What begins as a simple parent-teacher meeting between recently separated Brian (Stephen Jones) and Donna (Sarah Morris), and teacher Mr McAfferty (Will O’Connell), to talk about their son Jayden’s literacy struggles in school, spirals quickly as tension bubbles about social and cultural divides within the classroom. Scenes flicker between the parent-teacher meeting, and also student-teacher after-school ‘homework club’, as Morris and Jones deftly switch between playing Brian and Donna to Jayden and classmate Kaylie. Morris does a particularly good job of switching to an energetic Kaylie at the drop of a hat, really capturing the playfulness of a nine-year-old.

This play confidently asks questions about the complexities of a failing education system. How does a difficult domestic situation affect important decision-making for your children? What decision is ‘right’ as a teacher when school rules conflict with personal ideologies of a course of action? How have both educators and parent alike been jaded by the education system? Is it the children who ultimately lose out amidst all this power play between parent and teacher? There are no conclusive answers, and we are left feeling emotionally sucker-punched by the end.
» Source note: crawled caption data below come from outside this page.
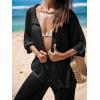 CUPSHE Women’s Crochet Cover Up Set Button Down Hollow Out Top Long Net Pant 2 Piece Beachwear(Black)
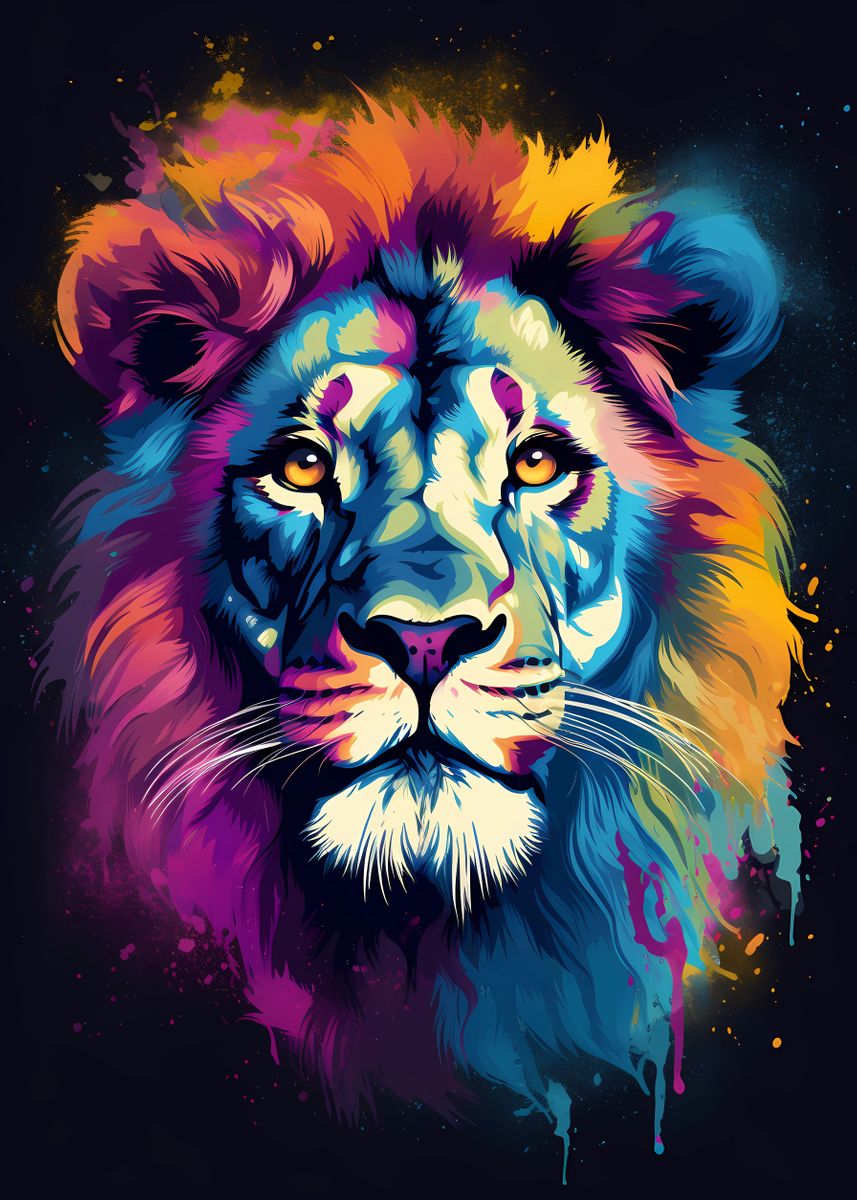 'Colorful Lion Portrait 7' Poster, picture, metal print, paint by ...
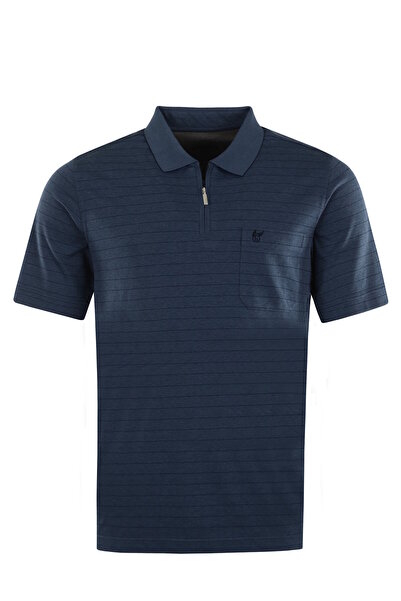 Hajo Shirt Gestreiftes Kurzarm-Poloshirt Softknit mit verdecktem Reißverschlu...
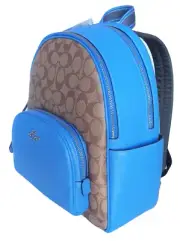 COACH Women's Court Backpack (Khaki/Racer Blue) Coach Gift Bag Included.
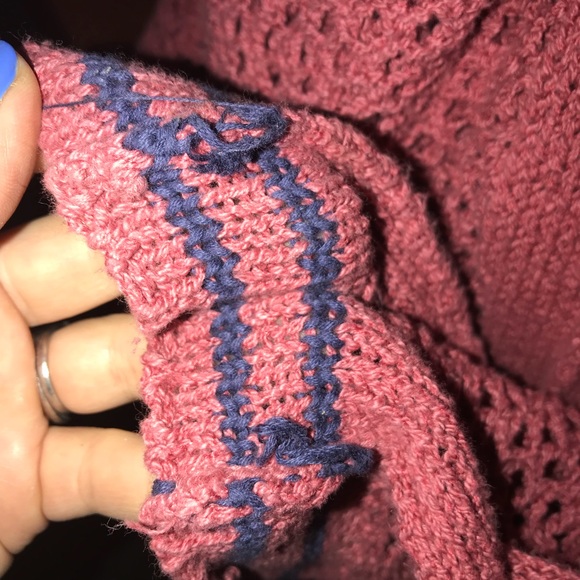 Free People Shadow Stripe open Knit Hoodie Sweater - Picture 5 of 5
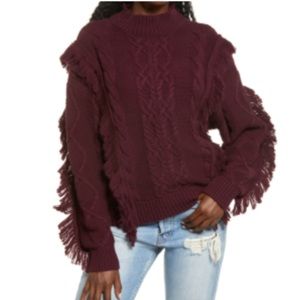 Leith Fringed boho Chunky Cable Knit Sweater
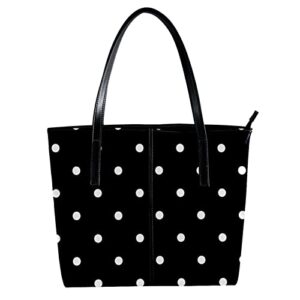 fashion leather handbags white black polka dot tote bag with zipper for beach shopping school work travel business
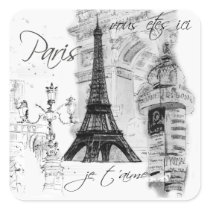 Paris Eiffel Tower French Scene Collage Sticker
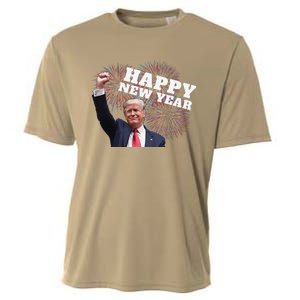 Sarcastic Trump Happy New Year 2025 Fireworks Director White Cooling Performance Crew T-Shirt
Mr McAfferty hides behind fancy and unnecessary jargon, angering Brian as he feels spoken down to, as well as reminding Donna of her own experiences being let down by the education system. They begin with the thought that they don’t want their child “going through the rest of his life thinking something is wrong with him”, and Mr McAfferty’s superfluous, almost patronising, language only exacerbates their insecurities and uncertainties.

Time is split between moments of humour, moments of discomfort, and moments of hostility, but they all piece together well to tell an interesting story. We never leave the classroom, creating a confined environment for the escalating drama and shock ending. The characters are well-developed, particular Mr McAfferty, and O’Connell does a brilliant job switching between the soft-spoken personality we see initially, his enthusiastic interaction with the students, and his evolution to condescension towards the parents, then aggressive, then regretful. The scene switches between parent-teacher and student-teacher really highlight the juxtaposition between his two ‘personalities’ and how he changes as the play progresses.

My only criticism would be that 95-minutes seemed a little long, especially with no interval, and although it didn’t struggle to capture my attention for the full length of the play, it did move a little slowly at points. But stellar performances and insightful subject matter still make this play well worth the watch.